I swallowed thickly.
“It was Finn, he was talking to Finn. Finn said he did everything he asked, but Thaddeus said he didn’t. He didn’t get … me.” I squeaked, the thought terrifying if they got their hands on me like they wanted. “It sounded like Thaddeus was going to give him another chance, but then Finn said …” I paused, and decided to omit what I’d heard about a son and my possible brother. No one seemed to know about him and I thought it was better if I didn’t spill the beans. “He said something to make him mad, and he killed him. He’s dead.”
Ethan’s cheeks hollowed. “Blood hungry bastard,” he muttered. “And I can’t believe Finn, that back-stabbing asshole. He was my friend. I trusted him.”

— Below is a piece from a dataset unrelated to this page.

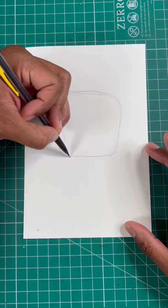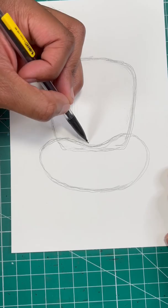Here's the easiest way to draw Tails. Step one, let's draw a rounded square for the head. Then let's draw a bean shape for Tails' face.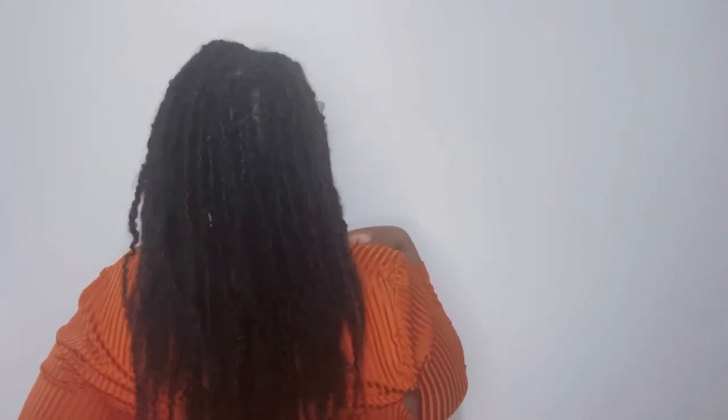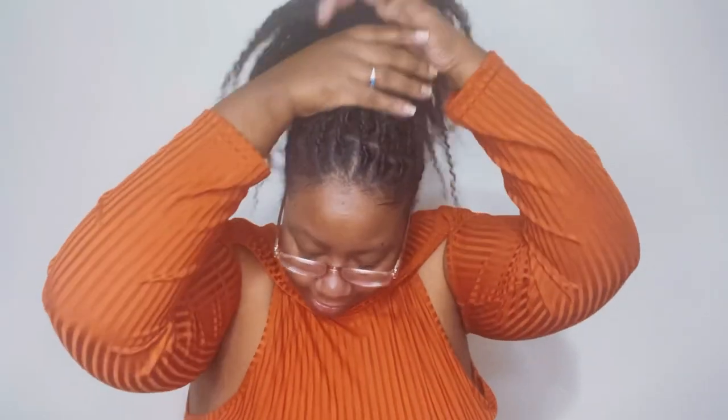So this is where the hair stops — bra strap length, including the curls, which I think is a perfect length. Styling is super easy. If you want to put it in a ponytail, girl you can do that. It is so lightweight, like this feels like nothing is on my head.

“I think he’s how they got into the manor that night. Maybe even in New York too.”
Ethan scrubbed a hand over his face. “Try to get some sleep. I need to talk to Jee.”
“Hey, Ethan?” I hedged at the mention of Jee.
“Yeah?”
“Jee said he’s not completely enchanter. What else is he?”
Ethan raised a brow. “He told you that?”
I nodded.
Ethan sighed, fighting a smile. “I’ll let him tell you. Okay?” I nodded. “Night.”
He slipped out of the room, Winston following with one last look over his shoulder at us as he closed the door.
“Are you okay?” Adelaide asked again.
For once, I didn’t lie. “No.”
I began to cry. Seeing Finn murdered brought back the haunting memories of watching them kill Theo.
She wrapped her arms around me and we cried together.